→ **Task prompt**
An exact copy of all the data is required, with pictures left out.

##### Information given #####

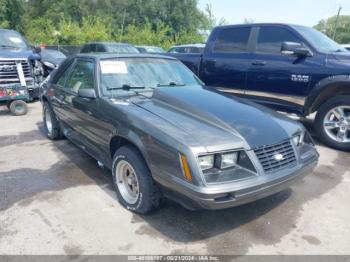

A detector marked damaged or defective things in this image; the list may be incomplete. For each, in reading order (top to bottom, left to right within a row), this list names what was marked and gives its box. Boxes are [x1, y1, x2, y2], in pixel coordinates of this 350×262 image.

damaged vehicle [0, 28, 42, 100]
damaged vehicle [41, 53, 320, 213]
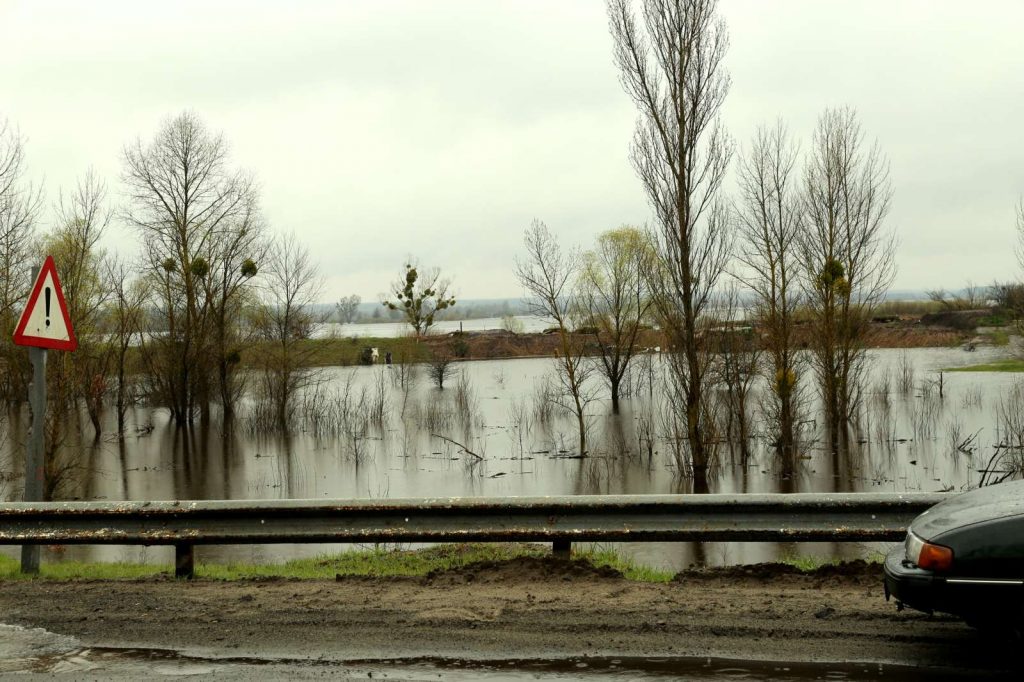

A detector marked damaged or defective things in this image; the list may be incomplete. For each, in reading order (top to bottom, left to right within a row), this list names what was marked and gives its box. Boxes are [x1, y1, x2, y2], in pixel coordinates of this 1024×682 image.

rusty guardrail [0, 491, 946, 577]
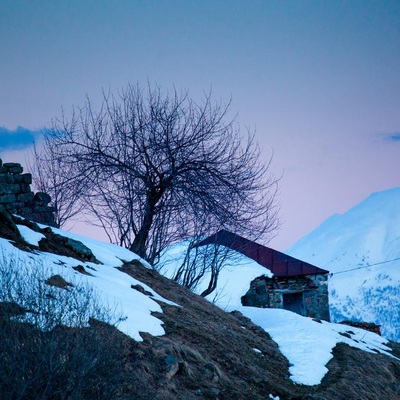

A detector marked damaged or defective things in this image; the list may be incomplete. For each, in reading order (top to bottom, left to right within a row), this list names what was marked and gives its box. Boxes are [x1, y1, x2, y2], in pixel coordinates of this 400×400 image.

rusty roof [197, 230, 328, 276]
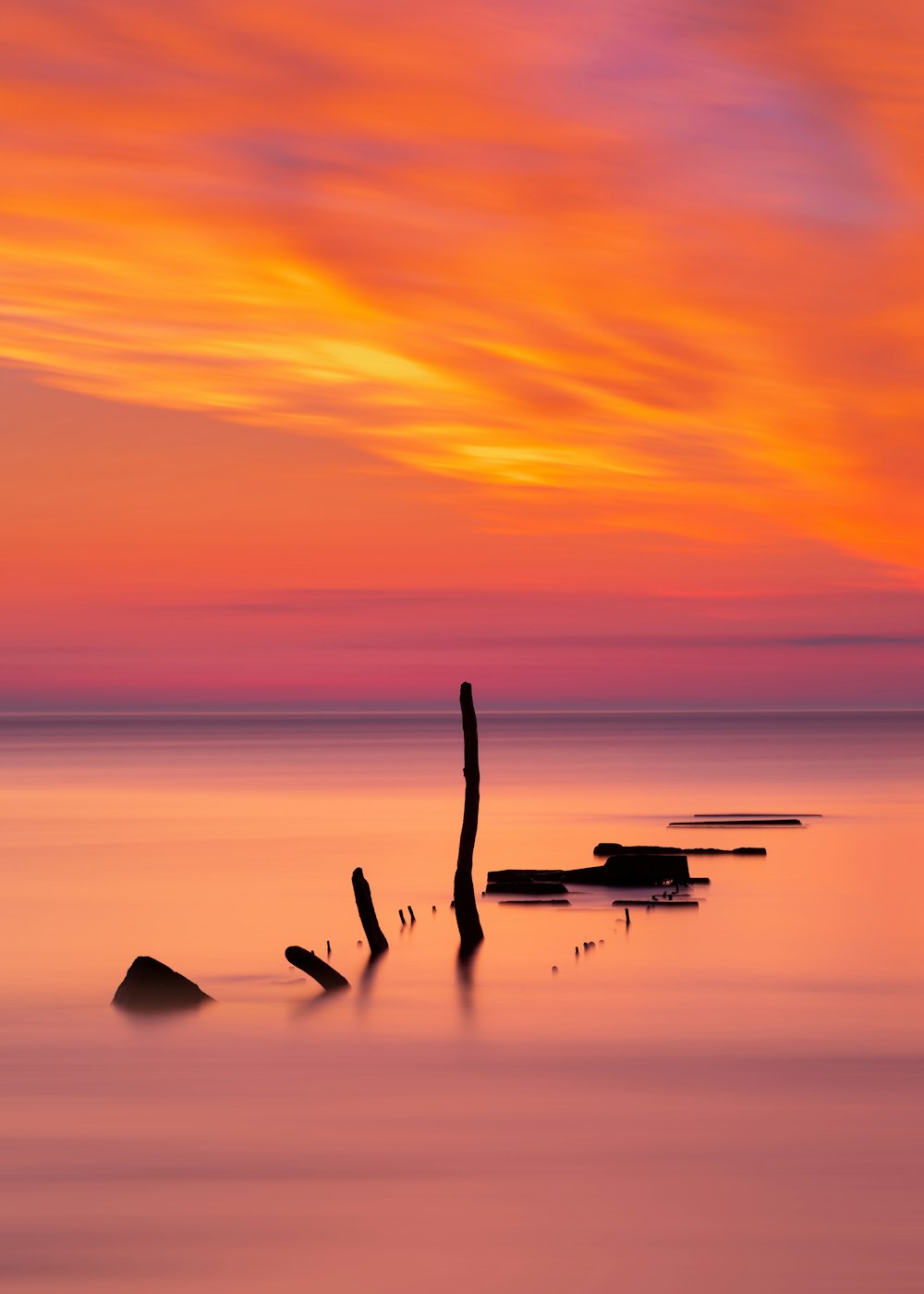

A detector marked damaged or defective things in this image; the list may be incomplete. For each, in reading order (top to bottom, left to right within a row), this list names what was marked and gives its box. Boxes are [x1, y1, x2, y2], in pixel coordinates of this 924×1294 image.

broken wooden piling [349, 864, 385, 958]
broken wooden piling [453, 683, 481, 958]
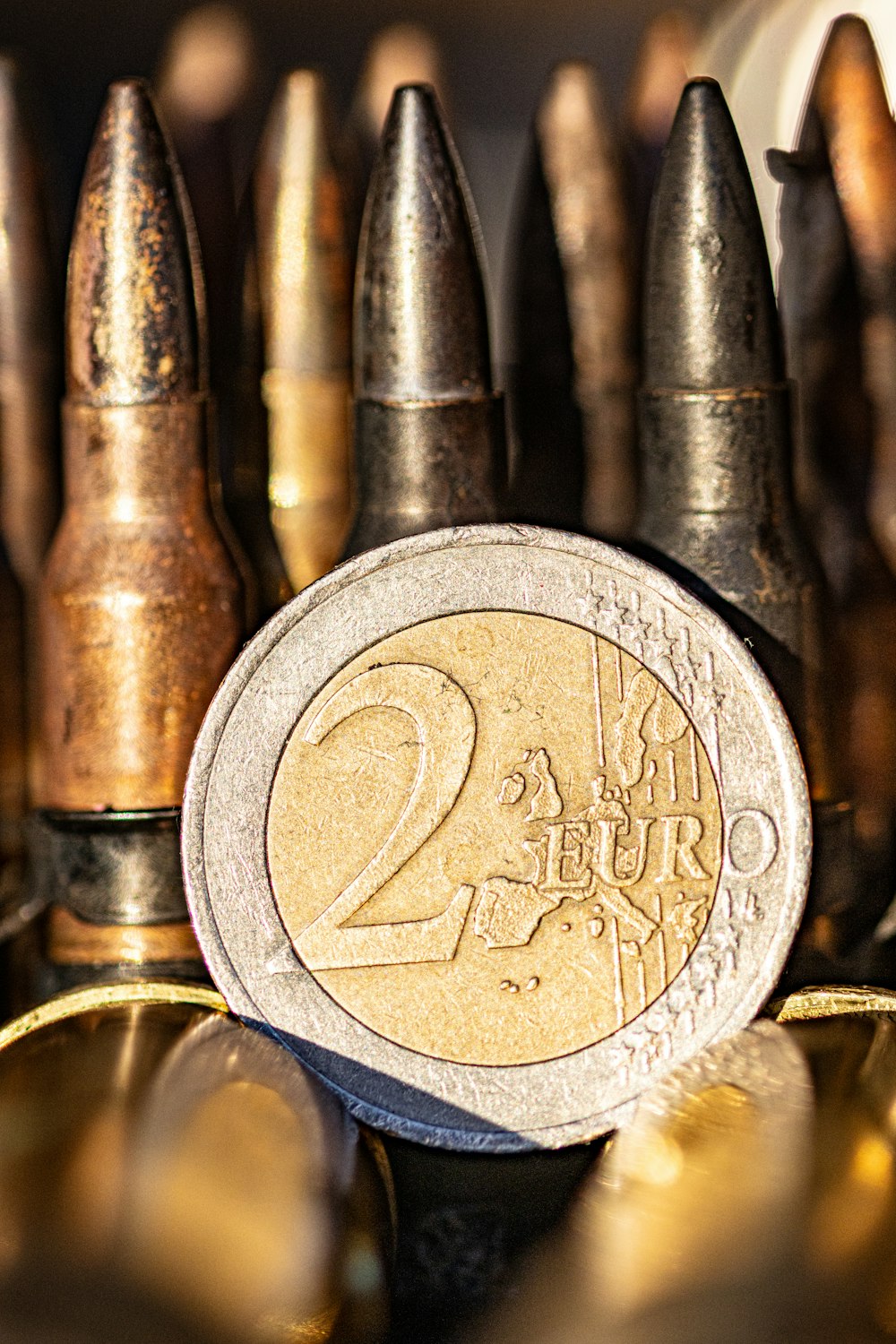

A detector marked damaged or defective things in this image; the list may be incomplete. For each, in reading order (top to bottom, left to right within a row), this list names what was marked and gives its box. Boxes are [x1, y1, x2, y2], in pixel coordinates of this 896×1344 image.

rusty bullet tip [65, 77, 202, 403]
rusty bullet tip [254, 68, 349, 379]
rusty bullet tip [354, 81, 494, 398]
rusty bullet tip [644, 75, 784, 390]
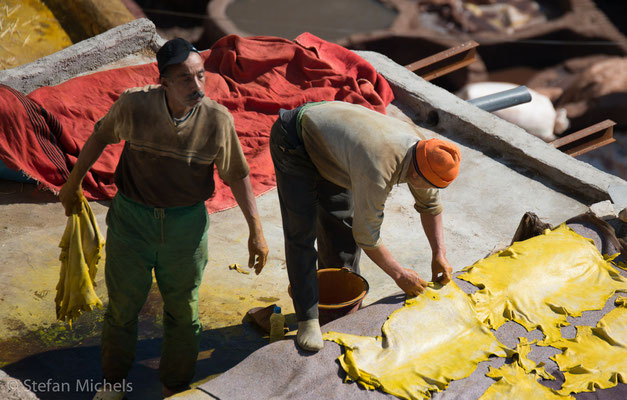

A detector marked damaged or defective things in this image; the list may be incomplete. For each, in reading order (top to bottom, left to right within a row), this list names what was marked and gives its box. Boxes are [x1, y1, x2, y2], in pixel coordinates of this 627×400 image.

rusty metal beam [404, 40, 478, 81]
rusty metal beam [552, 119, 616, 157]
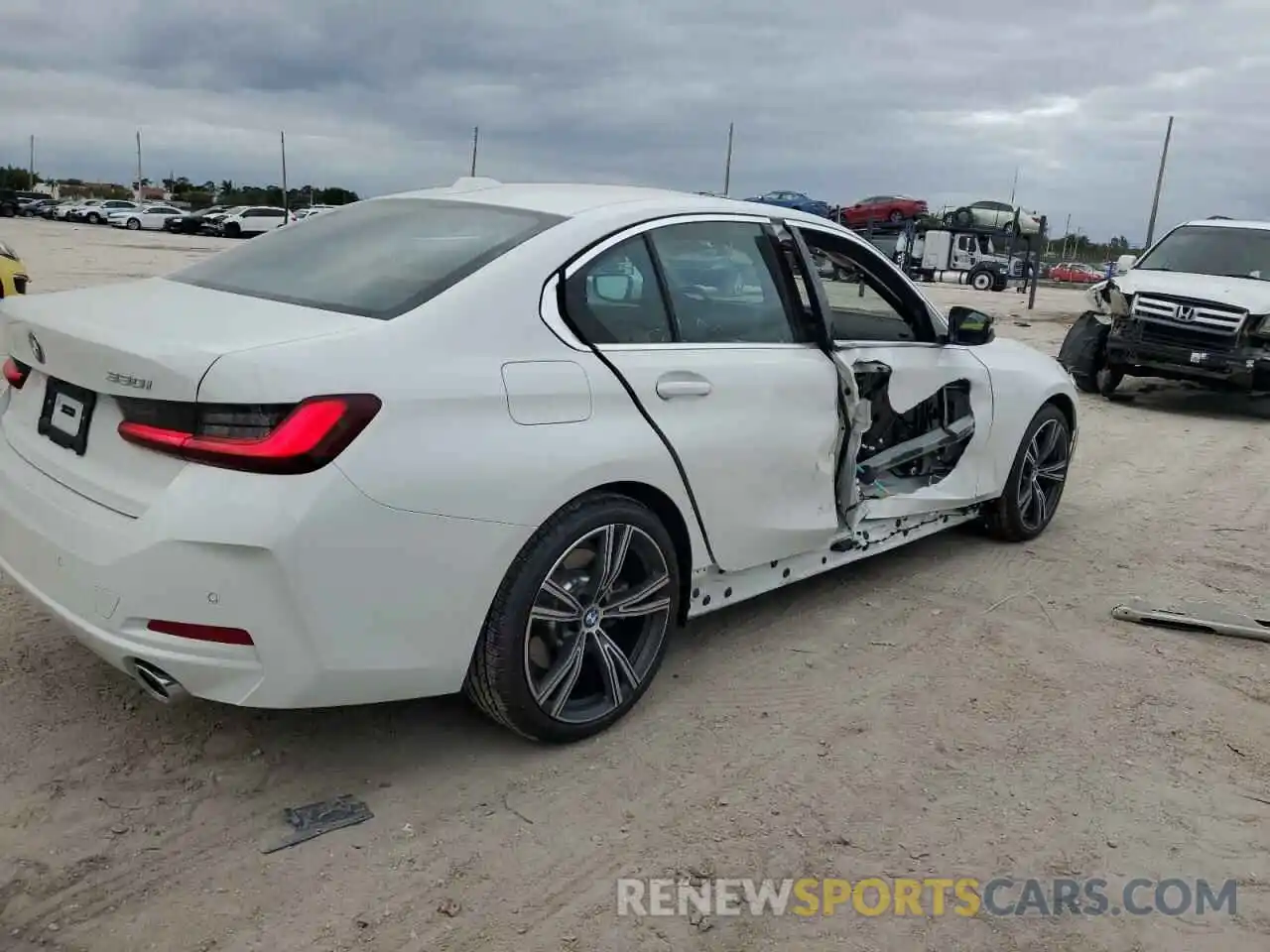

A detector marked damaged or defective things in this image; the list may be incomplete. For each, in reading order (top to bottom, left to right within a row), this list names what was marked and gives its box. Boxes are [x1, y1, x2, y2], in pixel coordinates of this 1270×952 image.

#####

→ **Response to this exercise**
A detector marked damaged or defective things in this image; the list may be incomplete. For each, in reading order (top to bottom, left to right within a row), this list names what was marked and gives its box. Boxes are [x1, y1, x2, y2], in pixel coordinates of this 350×262 image.

damaged vehicle [0, 28, 42, 100]
damaged vehicle [41, 53, 320, 213]

A detector marked damaged or defective things in this image; the list may be incomplete. For each, in reading order (top to bottom, left to right within a row), this list names what was marked and gives its box. Boxes are [x1, y1, x2, y2], in pixel coordinates of this 1024×682 image.

rusty guardrail [0, 491, 946, 577]

A detector marked damaged or defective things in this image; the list may be incomplete. For each, in reading order (top to bottom, left to right within a row), this list names what was marked and gives its box. Boxes are [x1, y1, x2, y2], in pixel coordinates of this 400×400 image.

rusty roof [197, 230, 328, 276]

A detector marked damaged or defective things in this image; the list may be incomplete. For each, in reading order (top to bottom, left to right within a row), this list names what was marked and gives its box. Boxes are [x1, y1, x2, y2], in pixel coordinates of this 924×1294 image.

broken wooden piling [349, 864, 385, 958]
broken wooden piling [453, 683, 481, 958]

A detector marked damaged or defective things in this image; the list may be incomplete. For each, in reading order (top to bottom, left to right within a row), this list names what was marked and gives its box. Boxes are [x1, y1, x2, y2], in pixel coordinates of this 896×1344 image.

rusty bullet tip [65, 77, 202, 403]
rusty bullet tip [254, 68, 349, 379]
rusty bullet tip [354, 81, 494, 398]
rusty bullet tip [644, 75, 784, 390]

A detector marked damaged or defective things in this image; the list may be incomplete. For each, in reading order (top to bottom, left to right within a row), this list names what was marked and gives its box. Boxes are [x1, y1, x2, y2], in pixel coordinates of this 627×400 image.

rusty metal beam [404, 40, 478, 81]
rusty metal beam [552, 119, 616, 157]

A detector marked damaged or defective things in this image; the list may be incomplete. For each, in reading order (top to bottom, left to right within a row), this list names what was marked and gives its box. Boxes are [x1, y1, x2, y2], in pixel coordinates of this 1270×952 image.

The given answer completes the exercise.